§ **Work task**: Once the images are set aside, return every entry exactly.

Crawled caption data:
────────────────

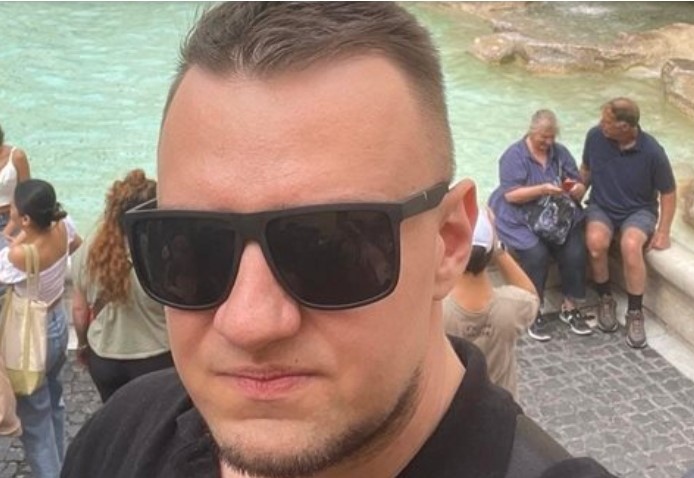 Безплатна програма е използвал Кристиян Бойков обвинен за хакването на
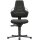 Arbeitsdrehstuhl Nexxit BIMOS
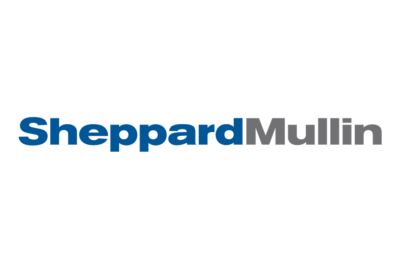 Sheppard Mullin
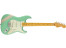 Fender FSR Traditional '50s Stratocaster with stripe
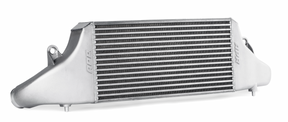 APR IC100025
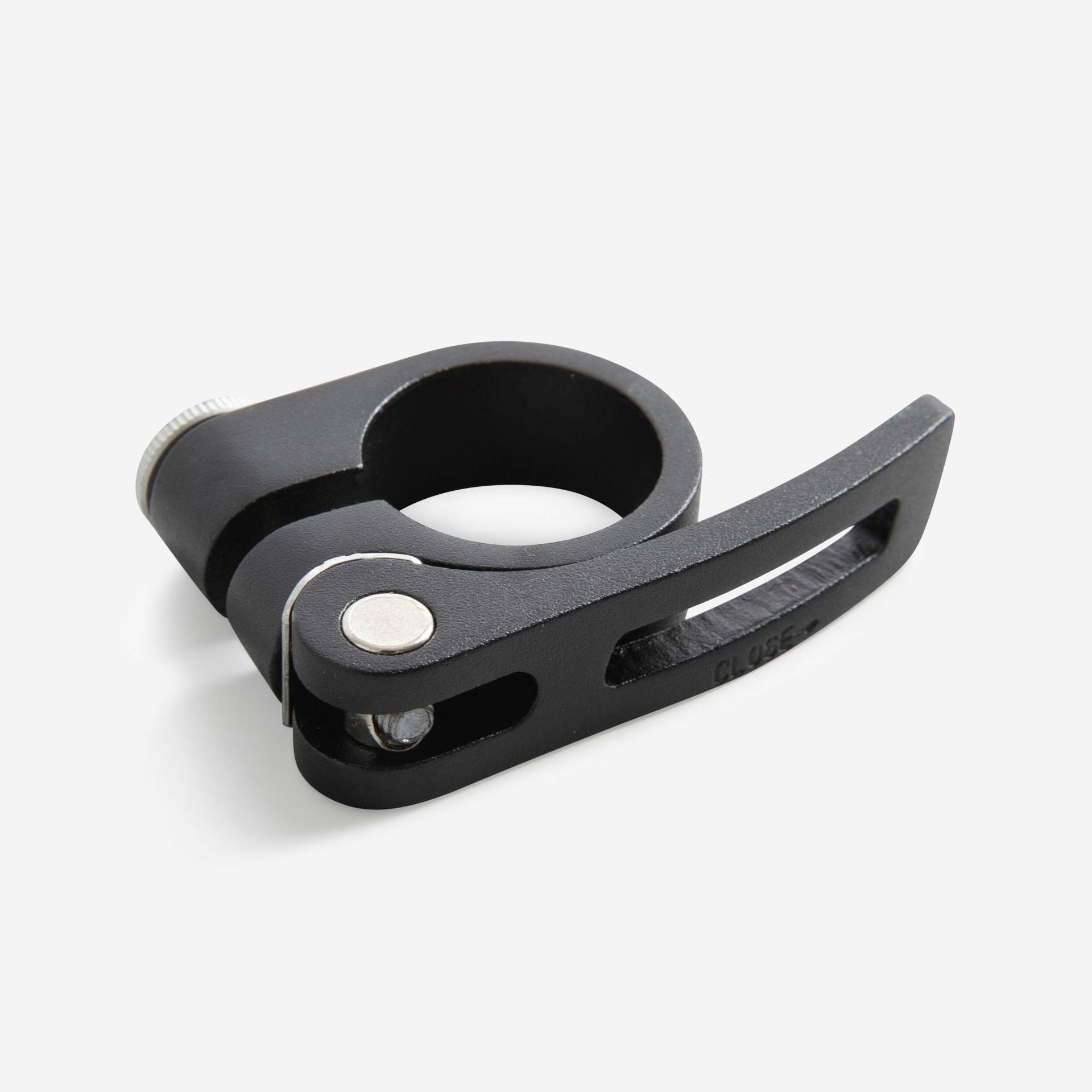 Schnellspanner Sattel 28.6 mm Schnellspanner Sattel 28.6 mm von Decathlon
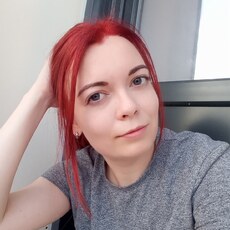 Ксения, 30, Шилка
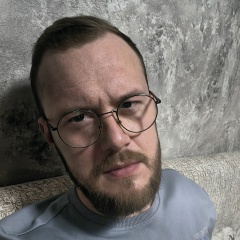 Александр Пахомов, 24.02.1991, Обнинск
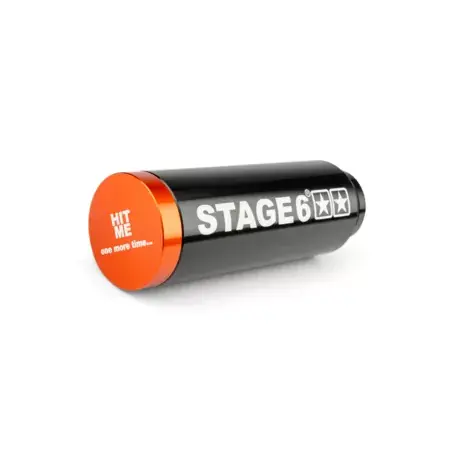 Einbauwerkzeug Wellendichtring Stage6 Neuheit
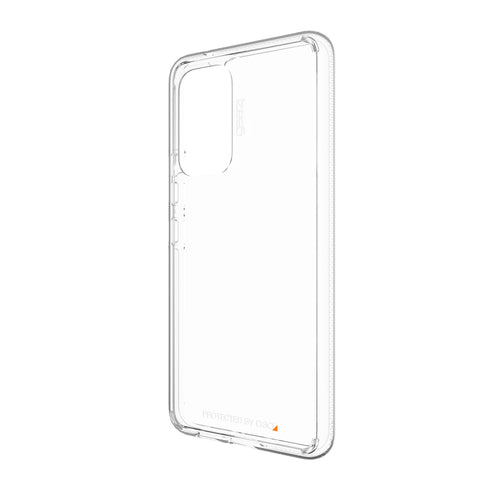 Zagg Gear4 D3O Crystal Palace Case for Galaxy A 702009218 840056157453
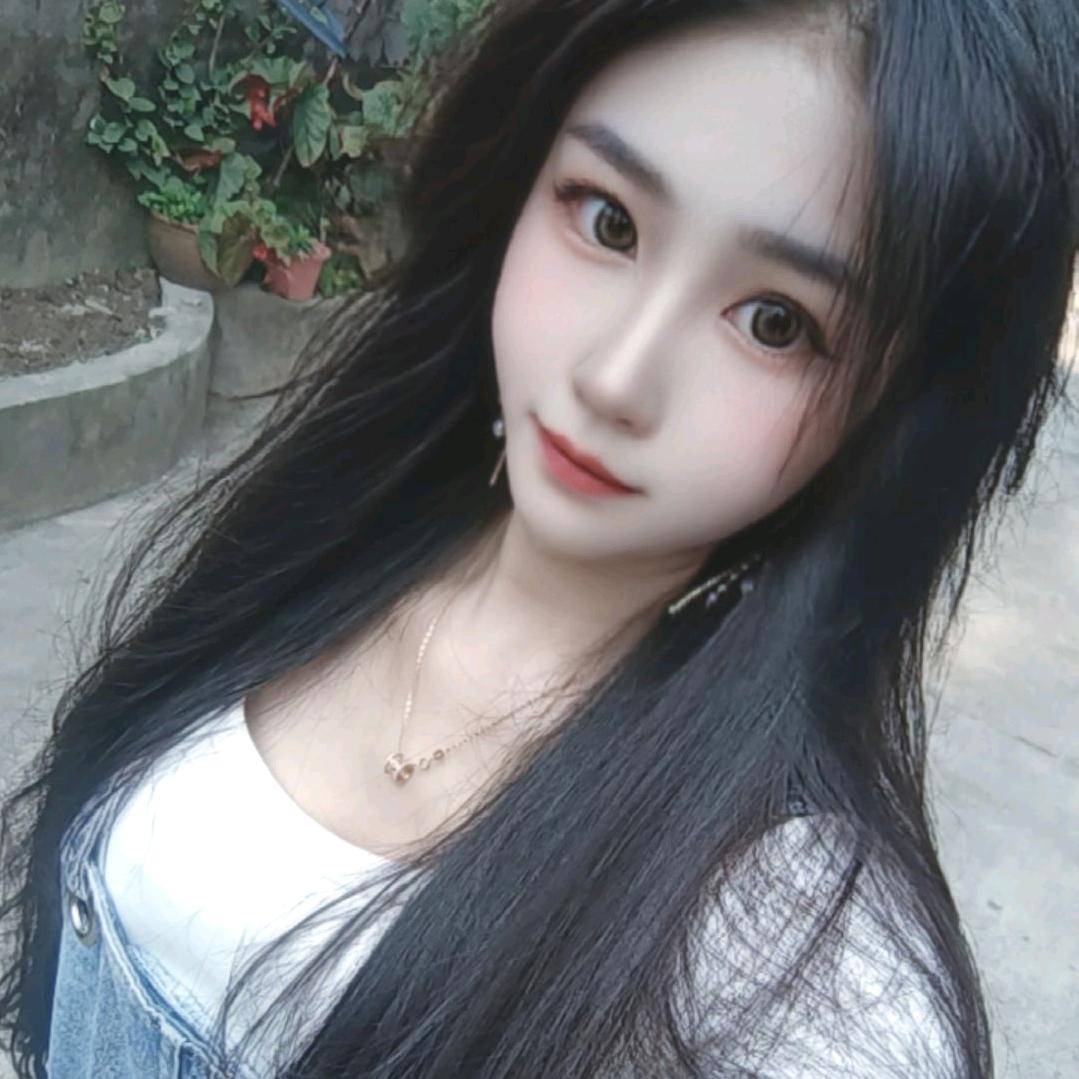 🍓LOVE🍬小美美❤️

────────────────

§ **Solution to the problem**:
 Безплатна програма е използвал Кристиян Бойков обвинен за хакването на
 Arbeitsdrehstuhl Nexxit BIMOS
 Sheppard Mullin
 Fender FSR Traditional '50s Stratocaster with stripe
 APR IC100025
 Schnellspanner Sattel 28.6 mm Schnellspanner Sattel 28.6 mm von Decathlon
 Ксения, 30, Шилка
 Александр Пахомов, 24.02.1991, Обнинск
 Einbauwerkzeug Wellendichtring Stage6 Neuheit
 Zagg Gear4 D3O Crystal Palace Case for Galaxy A 702009218 840056157453
 🍓LOVE🍬小美美❤️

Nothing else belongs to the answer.